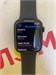 ЧАСЫ APPLE WATCH SERIES 9 45MM 890000593535 - фото 888026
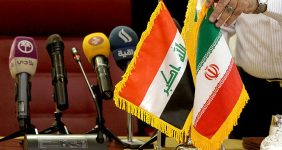 مجوز خرید گاز از ایران پابرجاست، مشاور نخست وزیر عراق اعلام کرد که ایالات متحده آمریکا معافیت تحریم خرید گاز ایران از سوی بغداد را حفظ کرده است.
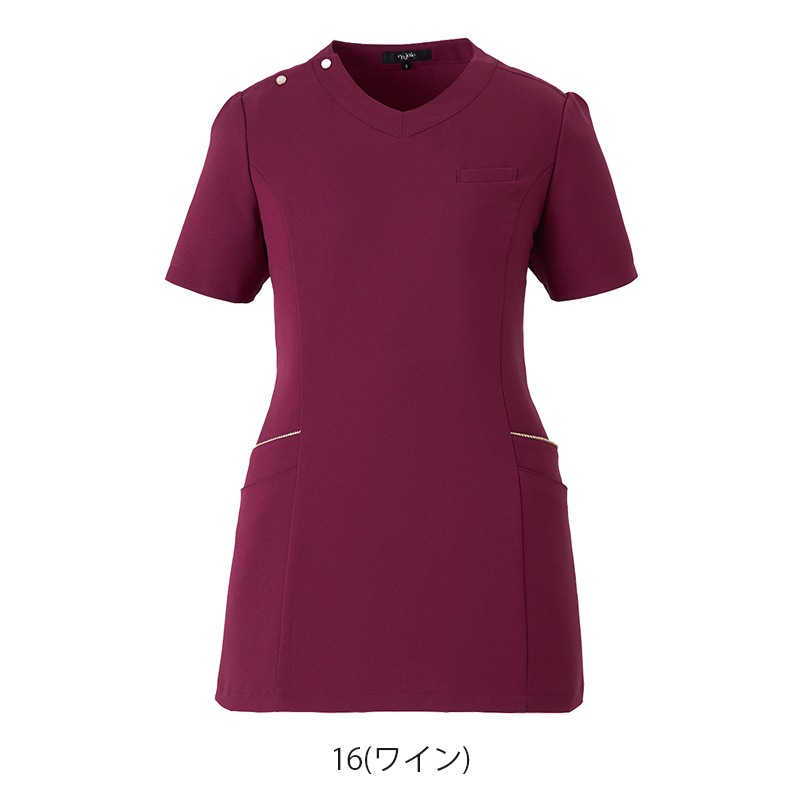 ������� 42053 [enjoie ���󥸥祢 LA BEAUTE �顦�ܡ���]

○ ○ ○ ○

The job here is to retype the data exactly, with no pictures included.

-- EXERCISE RESULT --
 ЧАСЫ APPLE WATCH SERIES 9 45MM 890000593535 - фото 888026
 مجوز خرید گاز از ایران پابرجاست، مشاور نخست وزیر عراق اعلام کرد که ایالات متحده آمریکا معافیت تحریم خرید گاز ایران از سوی بغداد را حفظ کرده است.
 ������� 42053 [enjoie ���󥸥祢 LA BEAUTE �顦�ܡ���]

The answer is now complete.